Variations of Earth rotation are caused by the redistribution and motion of masses within the Earth system. Since 2002, the satellite mission GRACE observes variations of the Earth's gravity field which are caused by mass displacements. Therefore, time variable gravity field models can be used to determine effective angular momentum functions which describe mass-related excitation mechanisms of Earth rotation. By applying suitable filter techniques and masks, not only the integral mass effect on Earth rotation but also the mass effects of the oceans, continental hydrosphere and cryosphere can be studied. The effective angular momentum functions derived from gravity field observations suffer from uncertainties due to (1) the destriping and filtering of the GRACE data, (2) the separation of the individual contributions (leakage effect), (3) the reduction of glacial isostatic adjustment (GIA) and (4) an appropriate replacement of the Stokes coefficients C10, C11, S11 and C20.
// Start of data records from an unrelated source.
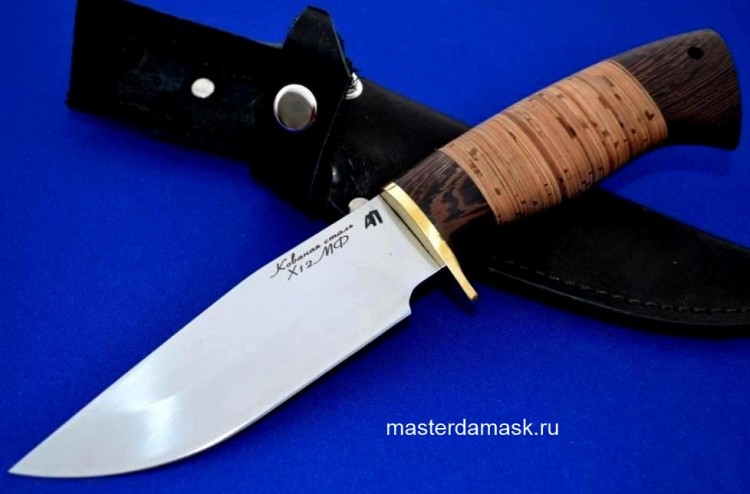 Нож Барсук сталь Х12МФ рукоять береста+венге (в наличии)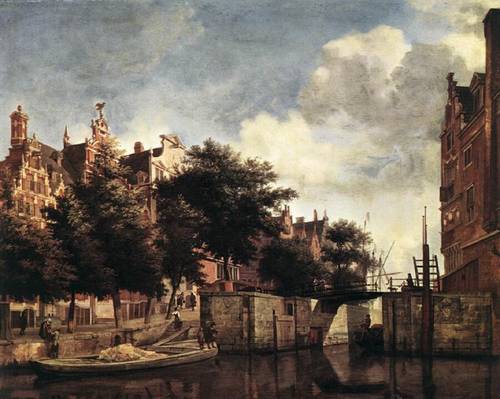 Ян ван дер Хейден, «Канал и улица Мартелаарсграхт в Амстердаме», 1670, 44х57 см, Рейксмусеум, Амстердам, Нидерланды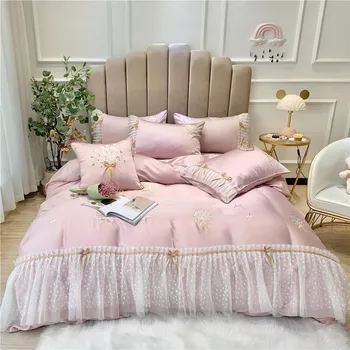 

Princess Style 60 Double-Sided Tencel Four-piece Set GIRL'S Heart Bow Lace Quilt Cover Silky Cool Feeling Bedding Article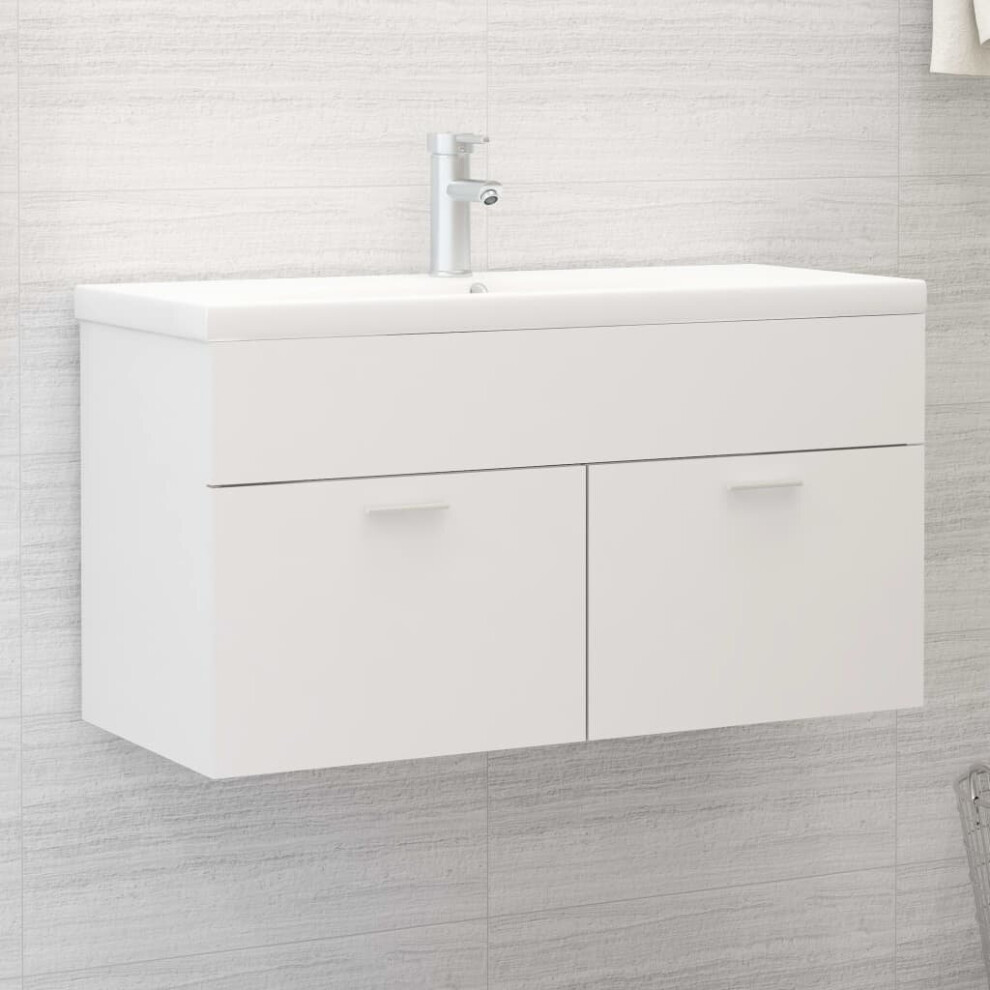 vidaXL Sink Cabinet with Built-in Basin White Chipboard Bathroom Vanity Unit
In this study we will present a new method to reduce the leakage effect, and via closed loop analysis the impact on effective angular momentum functions is estimated. In order to reduce the GIA effect, different GIA models will be used and compared to evaluate the uncertainties. Due to the fact that the GRACE data processing is performed in the Earth's center-of-mass (CM) frame, the degree-1 Stokes coefficients are zero by definition. But processes at the Earth's surface and interior are referred to a coordinate system attached to the Earth's crust which moves relative to the CM. Therefore, external solutions for C10, C11 and S11 are used to investigate the impact on derived effective angular momentum functions. Due to the low sensitivity of the GRACE K-band measurements on the Earth's flattening the Stokes coefficient C20 obtained from GRACE data are inaccurate. Thus external solutions will be used for C20 to estimate the uncertainties of derived effective angular momentum functions.